Contre la pauvreté au Japon

Contre la pauvreté au Japon

20 janvier 2019 0 Par Mélanie

Auteur : YUASA Makoto 湯浅 誠
Traduction : Rémi Buquet
Titre original : Han hinkon : suberidai shakai kara no dasshutsu 反貧困―「すべり台社会」からの脱出 (L’Anti-pauvreté, en finir avec la société toboggan)
Éditeur : Philippe Picquier
Parution japonaise : avril 2008
Parution française : 3 janvier 2019
ISBN : 978-2-8097-1382-4
Prix : 20,50€

La quatrième :
La pauvreté hante désormais un des pays les plus riches du monde. Cet essai explique ce qu’est la pauvreté de tous les jours au Japon, les différents mécanismes d’exclusion et les causes de son augmentation, à travers de multiples exemples de vies quotidiennes. Il présente les solutions existantes et possibles, imagine une société de nouveau solidaire et réinventée par des travailleurs précaires ou des sans-abri décidés à s’organiser.
Un regard inédit sur la société japonaise. Et la nôtre.

Mon avis :

C’est un passionnant ouvrage sur une facette trop méconnue du Japon, qu’on imagine riche et aisé. On entend souvent que le taux de chômage y est bas, aux alentours de 4%. Mais que cache ce chiffre ? Une pauvreté grandissante, une exclusion toujours plus grande, avec des filets de sécurité sociale très lâches.

Yuasa, diplômé de l’université de Droit de Tokyo, rencontre et aide à travers son organisation Moyai (en français, « Amarrage ») les gens tombés dans la pauvreté à faire leurs démarches pour s’en sortir et rebondir au mieux dans une société qui faillit à aider les plus faibles. Il décrit le Japon comme une « société toboggan », parce qu’une fois que la chute est amorcée, on ne peut pas s’agripper. On glisse irrémédiablement tout en bas.
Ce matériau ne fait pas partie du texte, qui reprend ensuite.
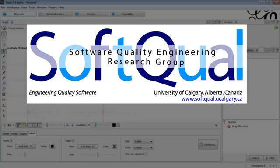The case study, the embedded gear, is also available online for downloading. For more information, please refer to the Software Quality Engineering Research Group at the University of Calgary. Thank you for watching.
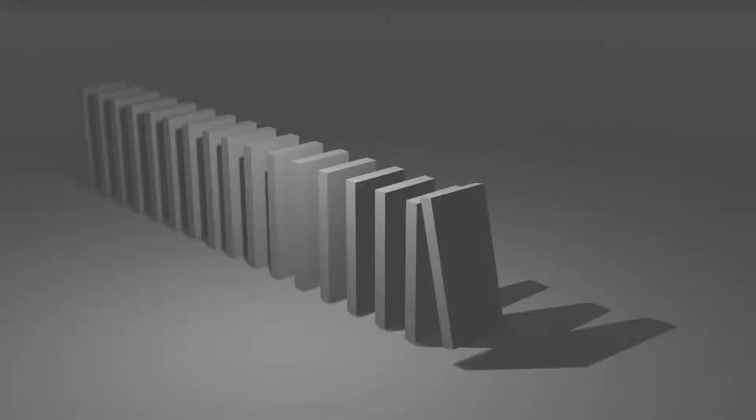Blender physics are just weird. So I was trying to make a domino simulation in Blender, and yeah, this is the first attempt.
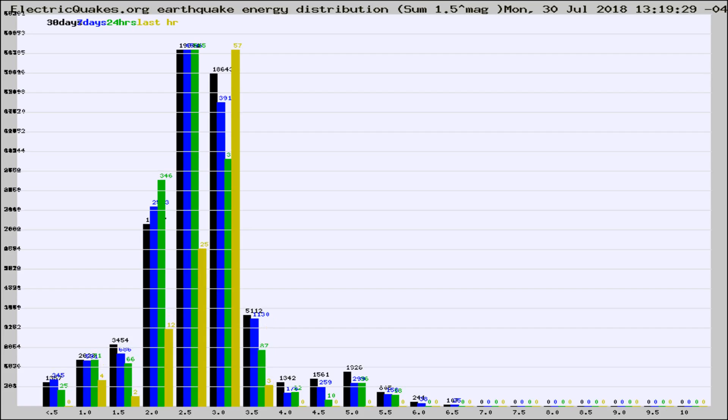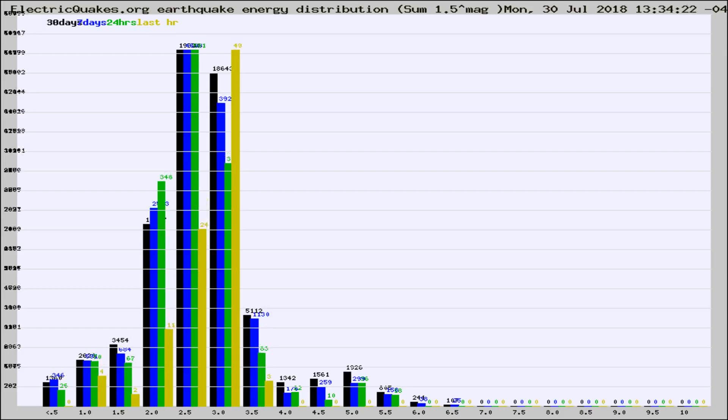Now you're looking at earthquake energy distribution by magnitude. This is worldwide, and you're seeing them changing as they did every 10 minutes within the last hour.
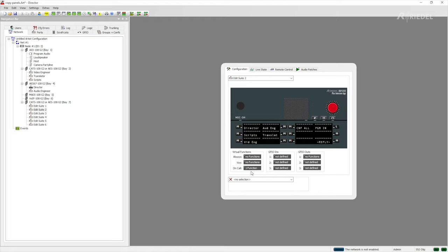The way the keys are set up, the on call function, the GPIs, everything that we've set up on edit 1 is now available on edit 2. Hope this has proved useful for you. Thank you very much for watching and please be sure to subscribe to make sure you don't miss out on any new videos as they're released.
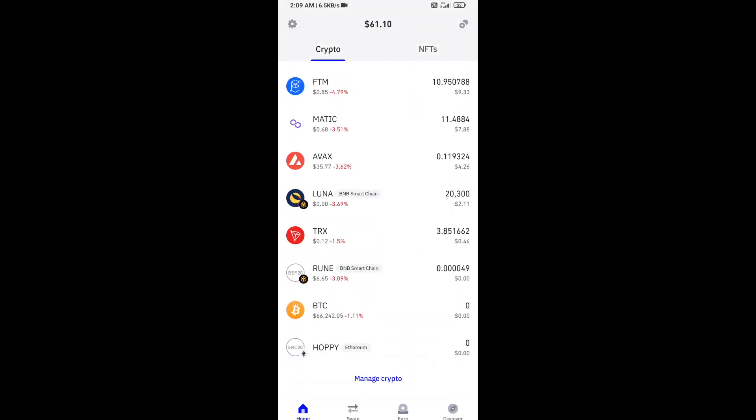Now here you can see this token has been added successfully on Trust Wallet. Again, disclaimer: do your own research before you approve the transaction. Thanks for watching.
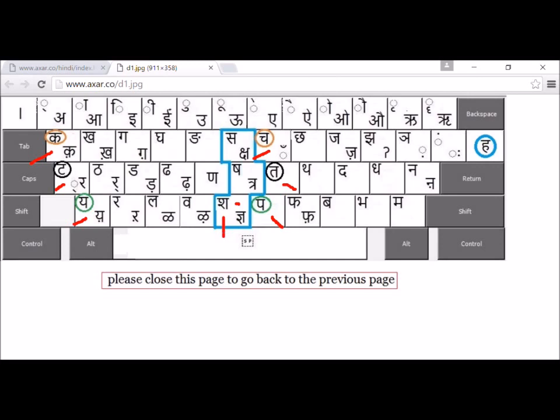Here they basically divide the board into two parts — the left side and the right side. By pressing Shift, you get chha, tra, jya, one below the other.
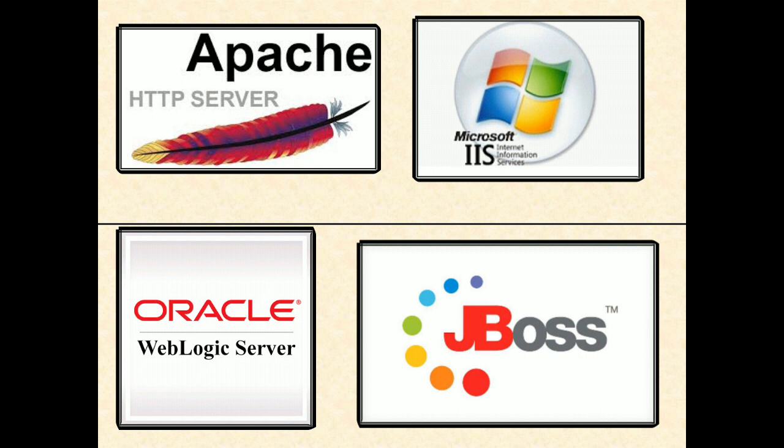If we want to run web applications we have to use web server, whereas to run enterprise applications, application server is required. Web server can support only web-related technologies, whereas application server can support any technology from Java or J2EE.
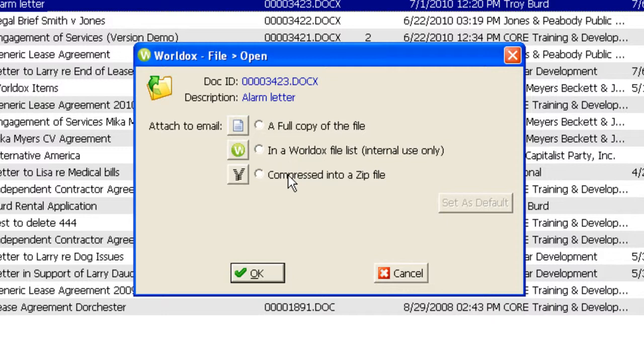The third choice would be used when you have multiple files being sent to the same person, and rather than clogging up the attachment area of the email message, they will receive a zip file shortcut. They'll simply double-click on that shortcut, and they will see the entire listing of all the files that you've attached.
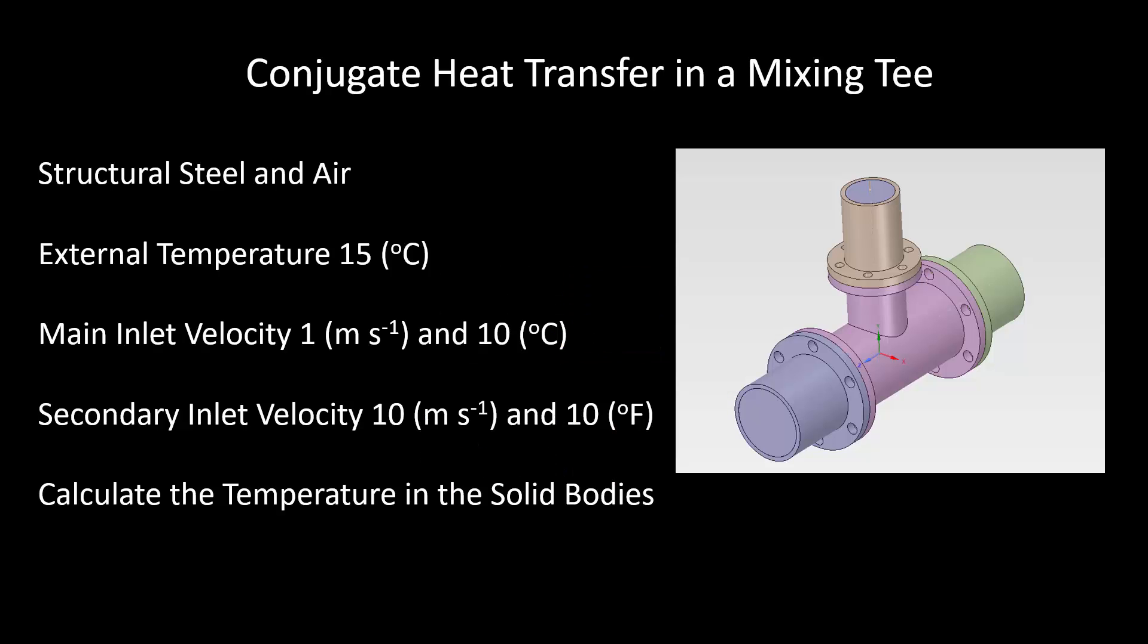We will be modeling a mixing tee with the internal flow, looking at the temperatures and the heat transfer throughout the solid and fluid bodies.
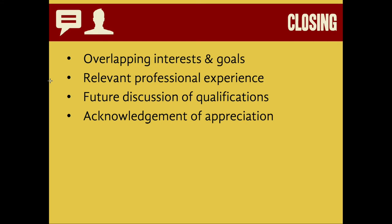Finally, in the conclusion of your cover letter, you're going to want to reemphasize the overlapping interests and goals you have with the organization you're applying for. Touch on that relevant professional experience one more time and then invite your audience to discuss your qualifications in the future. For example: 'I hope you'll agree that my experiences in these positions have prepared me well for a job at this company. I hope you'll contact me at your convenience to discuss this further.' Make sure to acknowledge that you appreciate the reader — a little bit of gratitude and courtesy goes a long way.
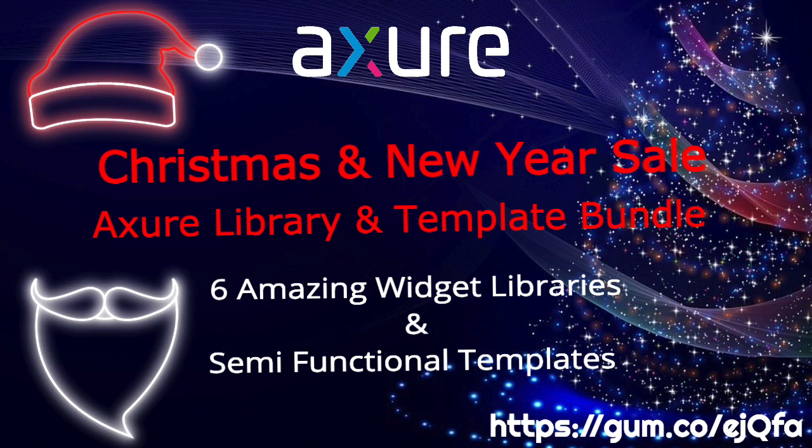Get these six widget libraries and templates, which have $100 value in just for $30 only. Grab it before we take down the offer. This offer is valid till January 7, 2021 only.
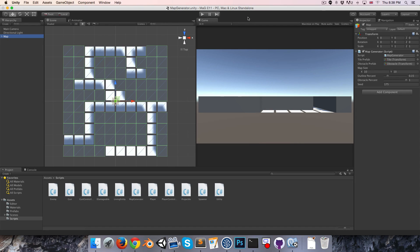Hi everyone, welcome to episode 11. Today we're going to be getting our map generator ready to be implemented into the actual game.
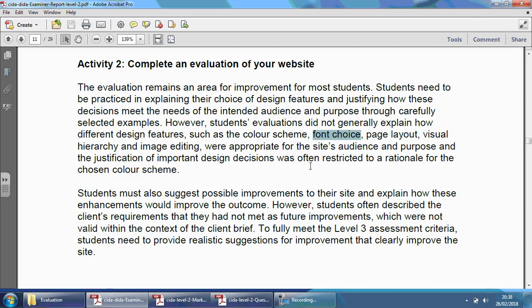Justification of important design decisions was often restricted to a rationale for the chosen colour scheme. A lot of people would just say the colour scheme was chosen like this, or I chose this colour scheme because it matches the logo — it's far too general. Students must also suggest possible improvements to their sites, the things you could do to make it better, and explain how these enhancements would improve the outcome. You can't say my website was perfect, because in the two hours allocated to make the website, with the last 30 minutes dedicated to the evaluation itself, you're not going to have a perfect looking website.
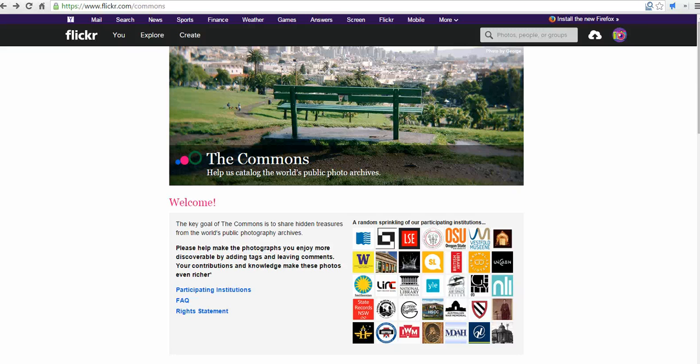Hi, this is Richard Byrne at freetechforteachers.com. In this video, I'm going to take a look at how to download pictures from Flickr's The Commons, which you can find at flickr.com/thecommons.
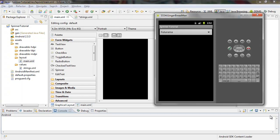How to make spinners the easy way. Hey, what's going on everybody, welcome back to Android Pre-K tutorials. In this tutorial I'm going to show you how to set up a basic application with a simple spinner in it, and the spinner is going to have some selectable text inside of it.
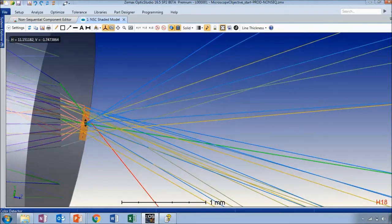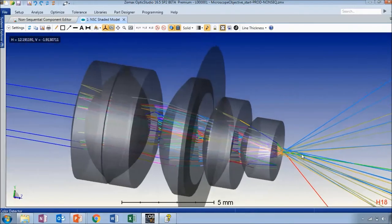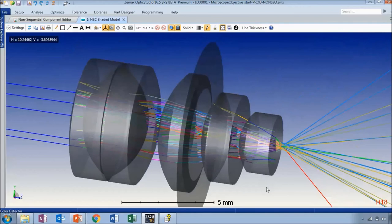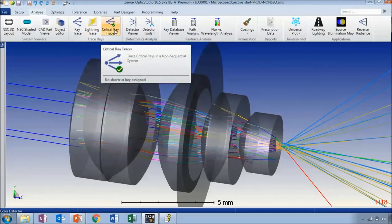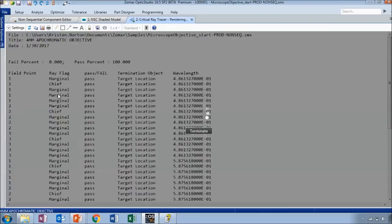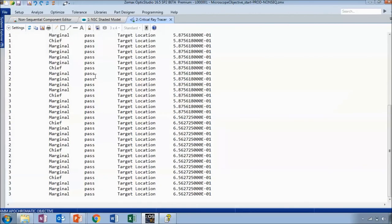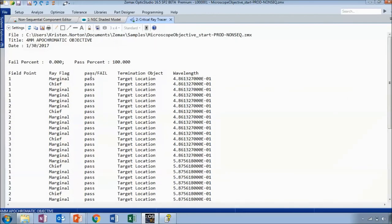There are quite a few rays and many that miss the detector altogether. We can use a filter string to show only rays which hit the large area detector — which is object 18 — using the filter string 'H18.' Now all of the rays traced pass through the detector. There's one other tool to show: in the analyze tab, the critical ray tracer. Using the input file created just before converting to non-sequential, you can see a pass/fail marking for all of the rays traced in that reference file. All rays for which the target location was determined in sequential mode have the same target landing point in non-sequential mode, confirming the file was converted successfully.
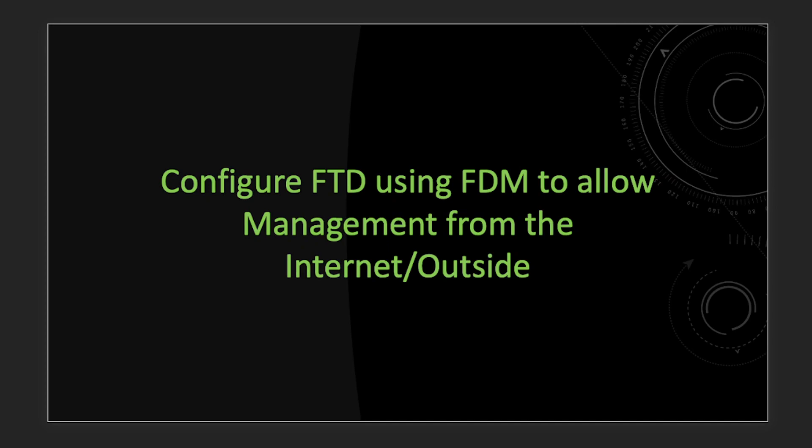Hi everyone and welcome back. In today's tutorial I'm gonna show you how to configure FTD using FDM, the firewall device manager, which is the onboard local manager, to allow management from the internet or the outside interface.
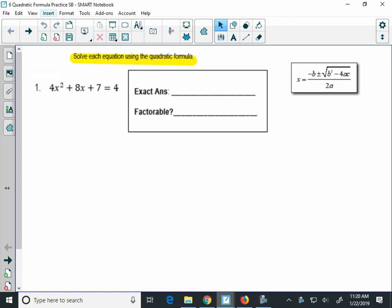Alright, so this is practice video number 1 for the quadratic formula, covering problems 1, 2, and 5 on this practice worksheet.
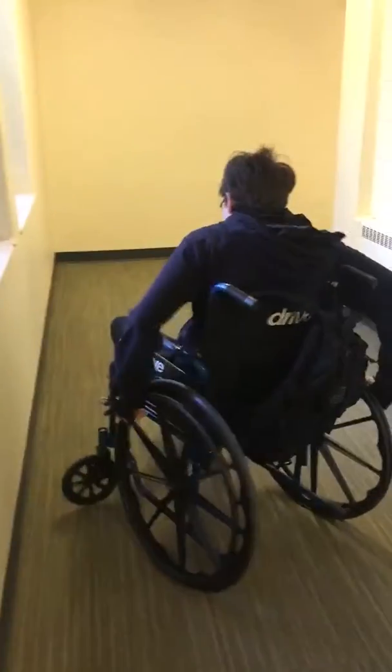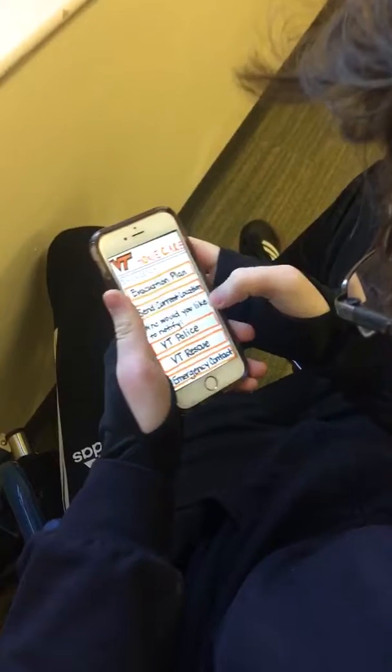Here we see a student in an emergency situation. They use the Emergency feature on the app to contact the appropriate personnel for evacuation.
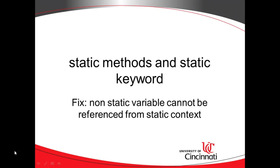In our previous series of videos, we've taken deep-dive looks into methods in the Java programming language. In this video, we're going to explore static methods and the static keyword, and we're going to describe how to fix non-static variable cannot be referenced from a static context.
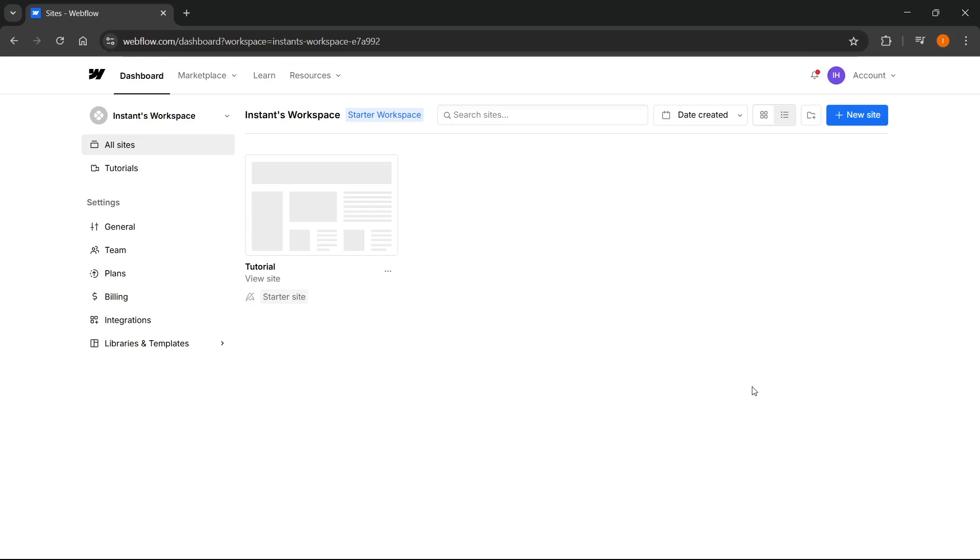In this video, I'm going to show you how to import your Reloom designs into Webflow. There are actually two different ways and methods of doing this. Let me show you both of them.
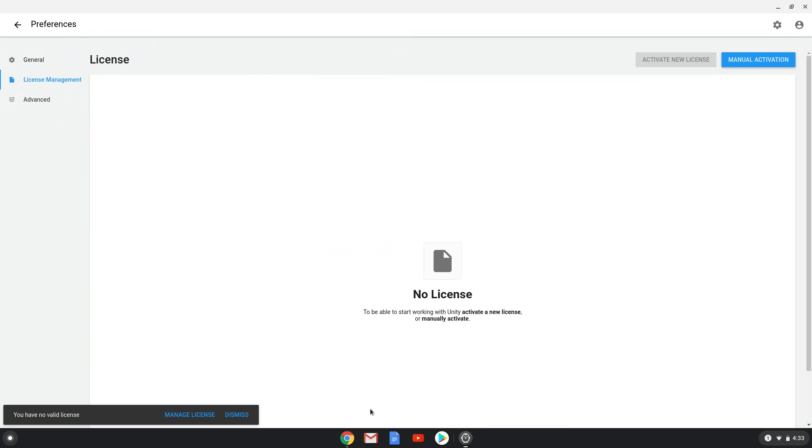As you can see Unity is working. However, notice that after rebooting my Chromebook the launcher doesn't work every time, at least for me. So you might need to launch Unity through the terminal with a command which you will find in the video description. Enjoy.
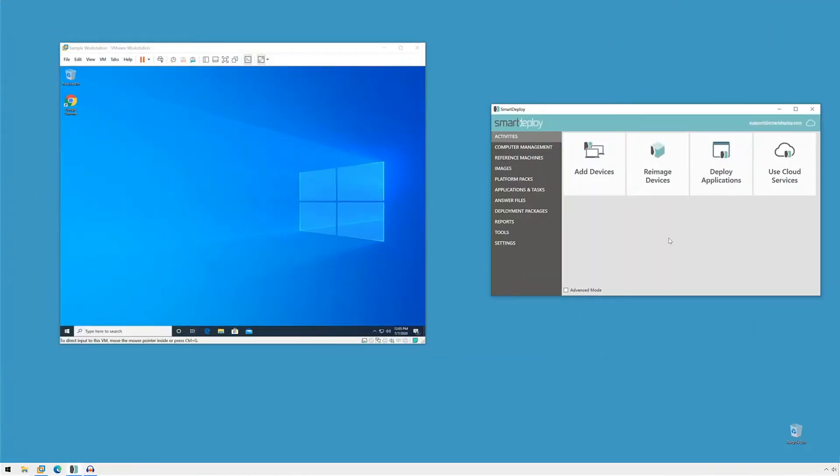Hi everyone, I'm Jeff from the SmartDeploy support team here to walk you through creating an Office 365 application pack using SmartDeploy. Before we get into that, I'll give you a quick rundown of my workstation here.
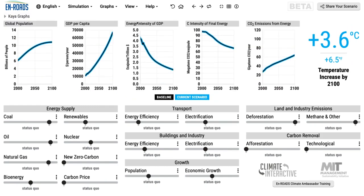The third factor is the energy intensity of GDP — how much energy does it take to deliver a trillion dollars of goods and services? It's measured in exajoules per trillion dollars of GDP. You can see it's falling steadily over time as the global economy shifts from manufacturing towards services, and also as technologies like cars, buildings, and motors get more efficient. Multiply these first three factors together and you get total energy use on Earth.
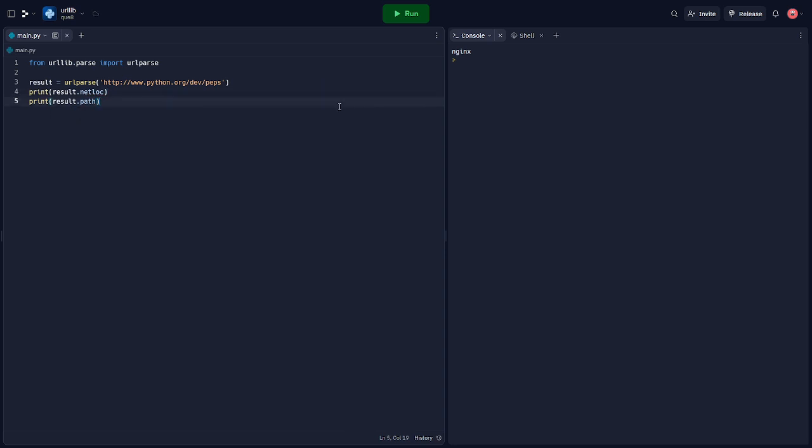The urllib library also provides functions for URL parsing. This can be useful if you need to break down a URL into its components like the network location and the path.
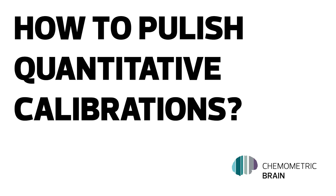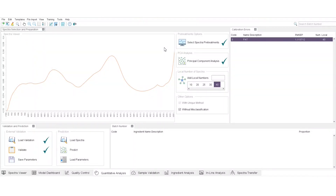How to Publish Quantitative Calibrations. Once the quantitative calibration is created and saved, you can publish it in order to make it accessible for a customer and its device. These are the steps to follow.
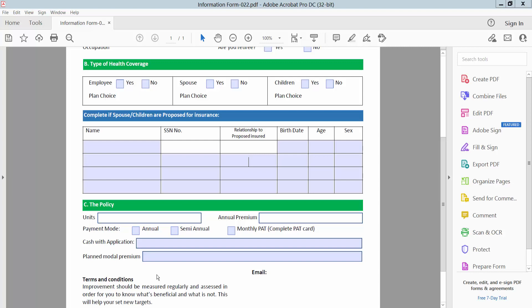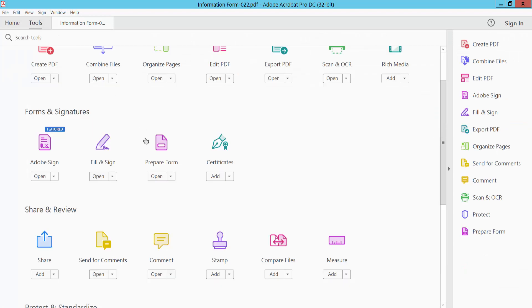Hello everyone, today I will show you how to view fillable form field properties. I will view this field properties now. Now select tools option and select prepare form option.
Dans un texte érudit et accessible divisé en deux parties (Sur le terrain de la pauvreté et L’anti pauvreté), sourcé et riche en exemples, il explique en quoi la société japonaise n’est pas une société exempte de pauvres, de pauvreté (extrême), et qu’elle est plus importante que les chiffres officiels avancés. En effet, le gouvernement refuse d’enquêter sur ce sujet, arguant que c’est impossible, alors qu’il le faisait encore dans les années 60. En effet, si le gouvernement le reconnaissait, il serait obligé d’agir, car une absence d’action serait anticonstitutionnelle. Pourtant, des chiffes officiels ont bien été donnés, après enquête et travaux minutieux, mais ils ont été utilisés pour réduire encore plus les aides.

Pour sa démonstration, Yuasa s’appuie sur les travaux du prix Nobel d’économie 1998, Amartya Sen, qui a développé le concept de capabilité (en japonais, tame, « réservoir ») :

  • Exclusion du parcours éducatif
  • Exclusion de lemploi
  • Exclusion de l’aide familiale
  • Exclusion des aides sociales
  • Exclusion de soi-même.

Aides refusées pour des prétextes fallacieux, isolement, pas d’adresse fixe… nombreux sont ceux qui sont réduits à rien et qui perdent la dernière chose qu’il leur reste : leur dignité d’humain. La pauvreté mène au délit pour survivre, à la maltraitance familiale et, dans des cas extrêmes mais hélas bien réels, des meurtres et suicides, qui auraient pu être évités.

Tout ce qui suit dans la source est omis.